Given records below:
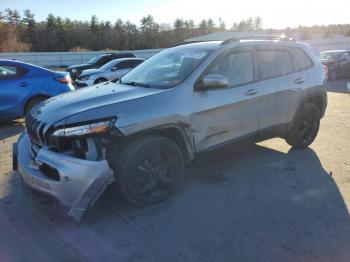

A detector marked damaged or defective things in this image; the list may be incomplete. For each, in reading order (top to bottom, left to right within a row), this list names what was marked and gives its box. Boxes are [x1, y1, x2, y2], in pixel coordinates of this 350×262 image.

crumpled hood [31, 82, 164, 127]
broken headlight [52, 119, 115, 138]
damaged silver jeep [11, 35, 328, 220]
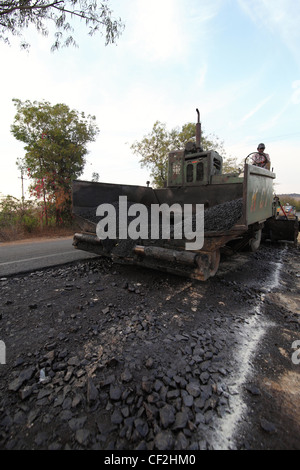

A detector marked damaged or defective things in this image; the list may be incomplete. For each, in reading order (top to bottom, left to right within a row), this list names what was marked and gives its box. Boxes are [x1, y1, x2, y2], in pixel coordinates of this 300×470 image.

rusty metal panel [245, 163, 276, 226]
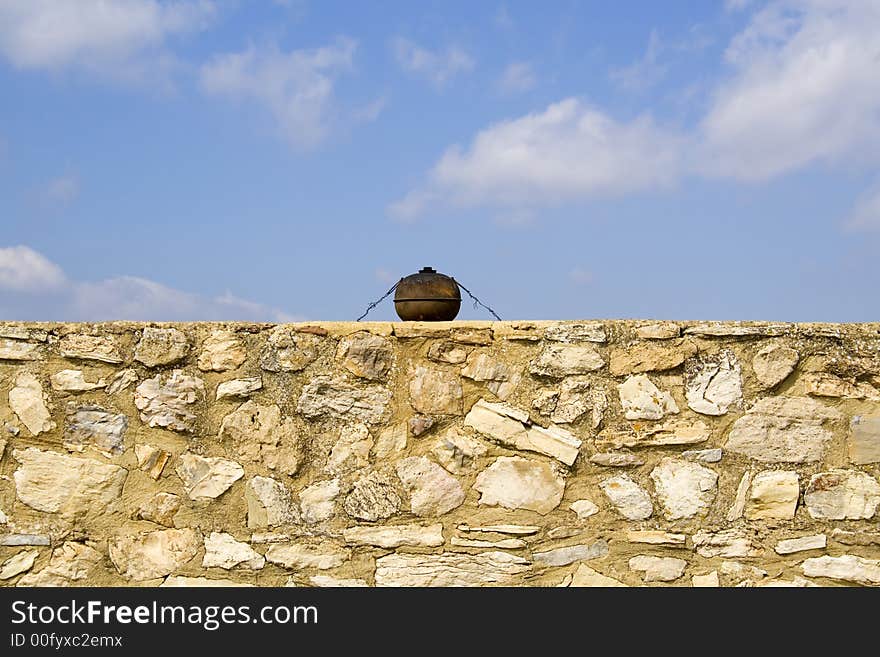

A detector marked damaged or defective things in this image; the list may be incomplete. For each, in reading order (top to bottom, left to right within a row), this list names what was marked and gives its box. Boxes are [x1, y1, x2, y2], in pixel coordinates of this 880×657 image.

round rusted object [392, 264, 460, 320]
rusty metal lantern [392, 264, 460, 320]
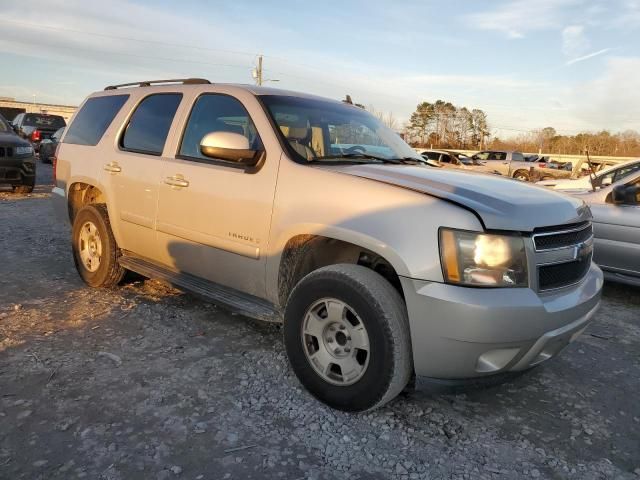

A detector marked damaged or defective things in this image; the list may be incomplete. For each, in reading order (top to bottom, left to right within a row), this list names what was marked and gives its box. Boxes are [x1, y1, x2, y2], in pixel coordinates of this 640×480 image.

damaged hood [324, 165, 592, 232]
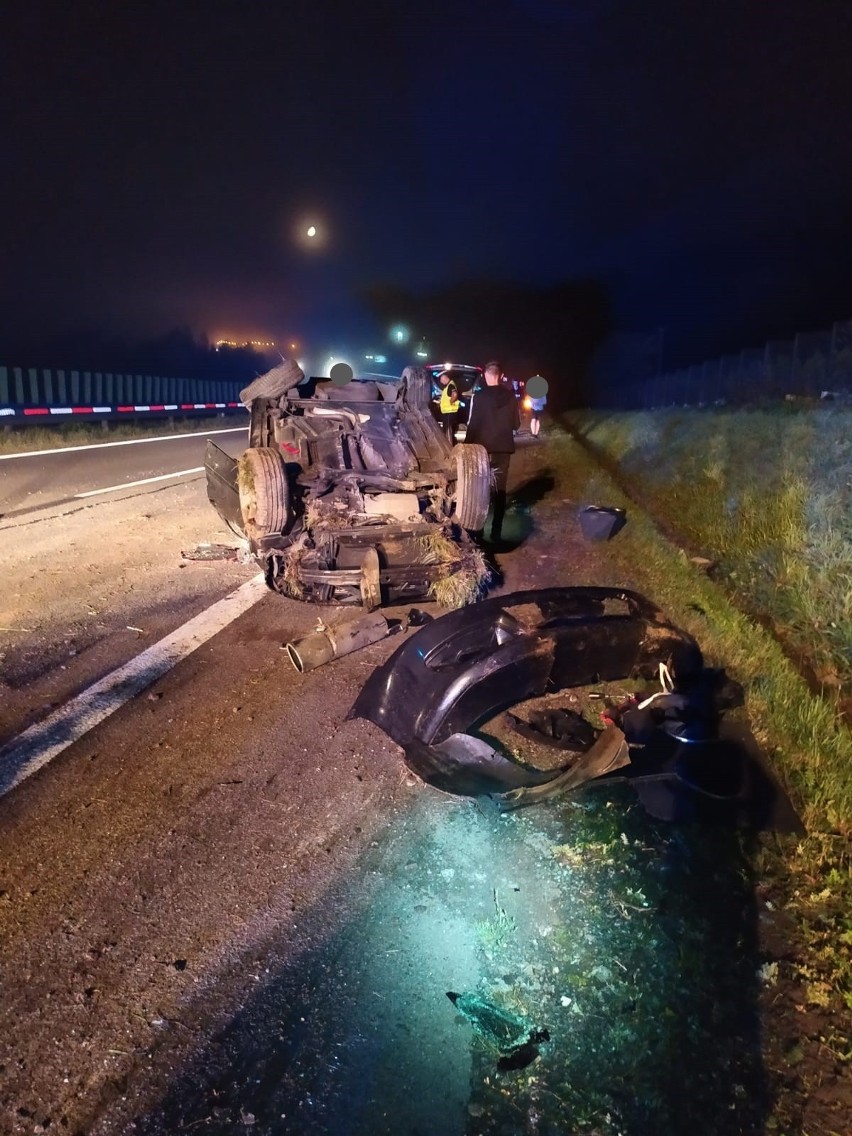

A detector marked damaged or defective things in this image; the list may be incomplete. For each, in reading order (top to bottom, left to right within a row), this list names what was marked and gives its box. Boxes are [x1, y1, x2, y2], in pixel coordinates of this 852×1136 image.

detached tire [238, 361, 304, 406]
detached tire [402, 365, 433, 411]
detached tire [240, 443, 293, 536]
overturned car [205, 363, 493, 613]
detached tire [454, 443, 493, 531]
End of Given records.
:: Exercise description ::
All that the answer may hold is the lines from the one with "this 852×1136 image." through the end of the data, set down exactly as they appear.

:: Output for this task ::
A detector marked damaged or defective things in this image; the list may be incomplete. For each, in reading order (top to bottom, left to right within a row), this list names what was marked and gives its box. Boxes are [x1, y1, x2, y2], in pixel coordinates of this 852×1136 image.

detached tire [238, 361, 304, 406]
detached tire [402, 365, 433, 411]
detached tire [240, 443, 293, 536]
overturned car [205, 363, 493, 613]
detached tire [454, 443, 493, 531]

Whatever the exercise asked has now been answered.